O cronograma oficial estipula até 24 meses para o cumprimento integral dos requisitos. No entanto, os módulos referentes à gestão documental e ao treinamento de equipes devem estar operacionais dentro do prazo inicial de 12 meses.

Obrigações dos aeroportos e companhias aéreas

A resolução detalha responsabilidades específicas para cada segmento da aviação civil. Para os administradores aeroportuários, a regulamentação exige rigor em:

  • Garantia e fornecimento contínuo de água potável;
  • Higienização e desinfecção constante dos terminais;
  • Gerenciamento adequado de resíduos sólidos;
  • Sistemas eficientes de climatização e controle de pragas;
  • Estrutura adequada de serviços de saúde.

Já as empresas aéreas deverão assegurar o controle sanitário dos alimentos servidos a bordo, a desinfecção frequente das cabines e a manutenção da água consumida pelos passageiros, além do correto descarte do lixo gerado nos voos.

Protocolos de emergência sanitária

O regramento estabelece procedimentos para cenários de emergência em saúde pública de importância nacional ou internacional.
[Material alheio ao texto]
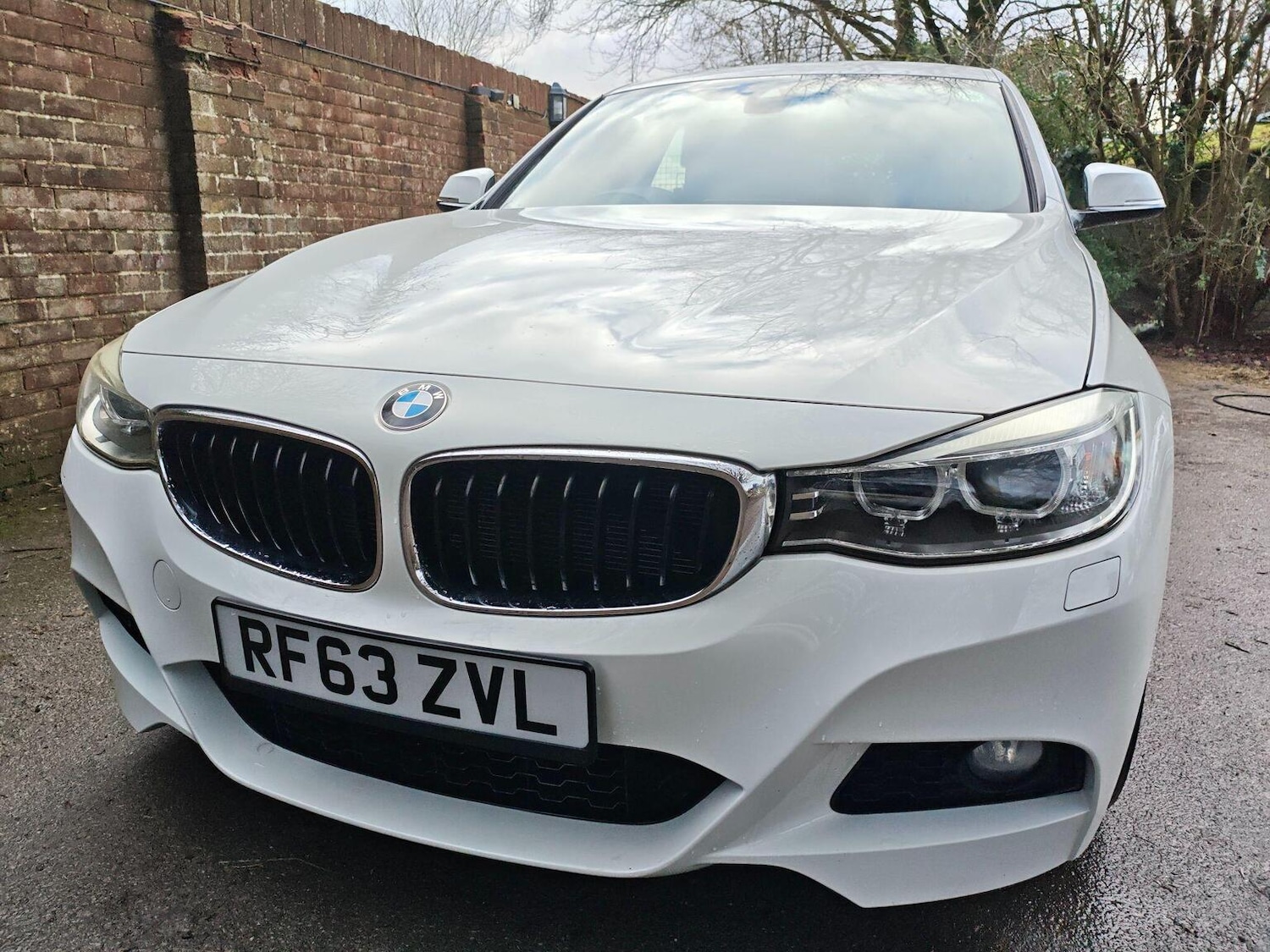 Used BMW 3 Series Gran Turismo 2013 for sale - 77363584: Photo 5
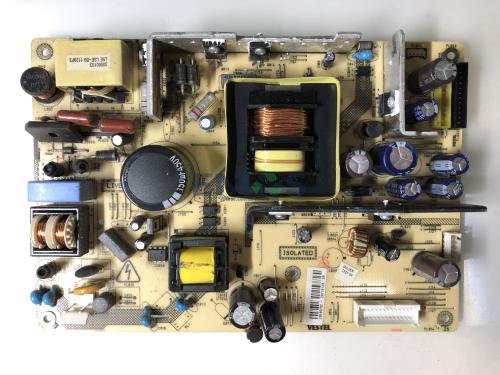17PW82-3 151111 23021673 CELCUS LCD405913FHD VESTEL POWER SUPPLY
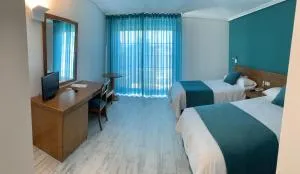 Nueva Colina - بايونا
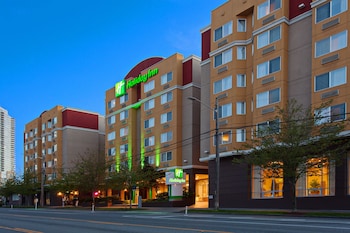 holiday inn seattle downtown by ihg
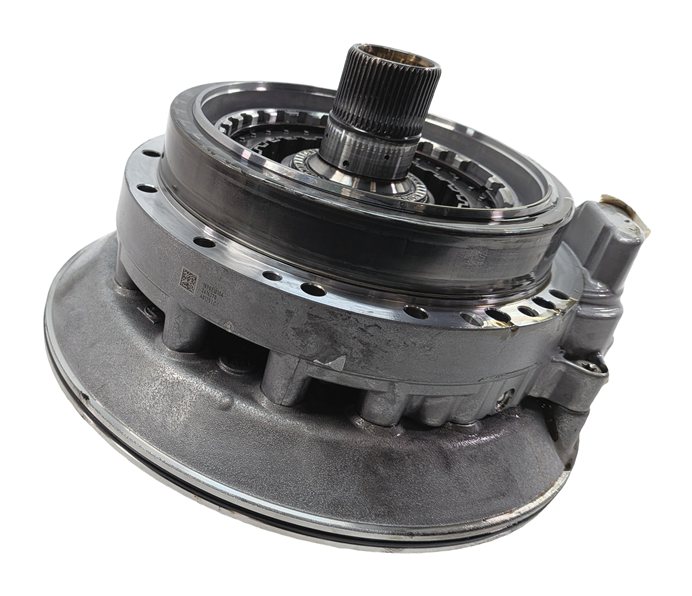 Thumbnail 7: 14-16 LR4 RANGE ROVER SPORT (L494) 3.0L 8HP-70 AUTOMATIC TRANSMISSION OIL PUMP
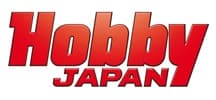 ホビージャパン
Em crises sanitárias, aeroportos e companhias precisarão adequar suas operações às diretrizes expedidas pelas autoridades de vigilância.

Por fim, a Anvisa determinou que qualquer aeroporto que pretenda iniciar operações internacionais deverá passar por uma avaliação sanitária prévia. O processo de internacionalização dependerá da comprovação de conformidade, exigindo vistorias e inspeções presenciais pelo órgão fiscalizador.